# KETO brownies



## Concreteguy (Feb 14, 2018)

I have figured out a brownie I have with my coffee that's 100% keto and works pretty good.

1/2 cup egg whites
1/2 cup chocolate whey
1 teaspoon baking soda
4 packs of sweat and low
mix it up and microwave for 1 1/2 minutes

 BAM.........chocolate brownie baby!  ((((((ZERO carbs))))))))


----------



## srd1 (Feb 14, 2018)

Gonna have to try this one out


----------



## Czworeczki (Feb 14, 2018)

Thank you for sharing concretguy, i will try them


----------



## Concreteguy (Feb 14, 2018)

Czworeczki, Welcome to AnaSci brother! Good to see another Irish member here. lol.  Keep on posting friend!


----------



## kevin666 (Feb 14, 2018)

Thanks.

Definitely trying these, I need something sweet. I'm not on keto, I may add some walnuts lol

My wife however will make these to your specs to have them zero cals.


----------



## ASHOP (Feb 15, 2018)

I love brownies,,will try this for sure!


----------



## pesty4077 (Feb 16, 2018)

You can always tell a guy who has been following a strict diet.

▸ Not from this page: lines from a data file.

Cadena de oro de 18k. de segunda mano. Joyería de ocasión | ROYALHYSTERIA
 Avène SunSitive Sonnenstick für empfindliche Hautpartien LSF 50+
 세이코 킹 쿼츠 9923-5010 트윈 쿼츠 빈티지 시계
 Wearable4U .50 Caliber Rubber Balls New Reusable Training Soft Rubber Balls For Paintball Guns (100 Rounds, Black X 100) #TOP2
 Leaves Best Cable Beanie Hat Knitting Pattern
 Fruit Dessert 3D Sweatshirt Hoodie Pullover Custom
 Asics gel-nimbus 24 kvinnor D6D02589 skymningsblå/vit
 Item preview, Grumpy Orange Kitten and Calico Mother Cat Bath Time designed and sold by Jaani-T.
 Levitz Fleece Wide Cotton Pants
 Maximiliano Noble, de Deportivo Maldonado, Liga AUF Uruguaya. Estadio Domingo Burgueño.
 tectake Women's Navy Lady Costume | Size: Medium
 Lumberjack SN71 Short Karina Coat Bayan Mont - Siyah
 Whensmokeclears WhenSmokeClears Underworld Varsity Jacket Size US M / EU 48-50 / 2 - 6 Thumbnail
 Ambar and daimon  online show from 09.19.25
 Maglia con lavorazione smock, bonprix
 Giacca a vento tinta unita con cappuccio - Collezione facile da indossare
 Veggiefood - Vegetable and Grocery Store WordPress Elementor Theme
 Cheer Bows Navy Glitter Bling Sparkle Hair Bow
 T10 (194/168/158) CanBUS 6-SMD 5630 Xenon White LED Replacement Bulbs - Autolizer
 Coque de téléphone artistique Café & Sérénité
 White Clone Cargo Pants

He finds real ingenius ways to make things taste good.


----------



## Concreteguy (Feb 16, 2018)

UpDate: You have to add 4 packs of sweetener. As it expands like a cake the sweetener is too spread out and just needs more for it to take right. IMO.


----------



## j4ever (May 26, 2018)

damn i just pulled this up to give it a try and have no egg whites on hand.


----------



## GearPro (May 29, 2018)

Sounds yummy. Going to give this one a try. Thanks CG.


----------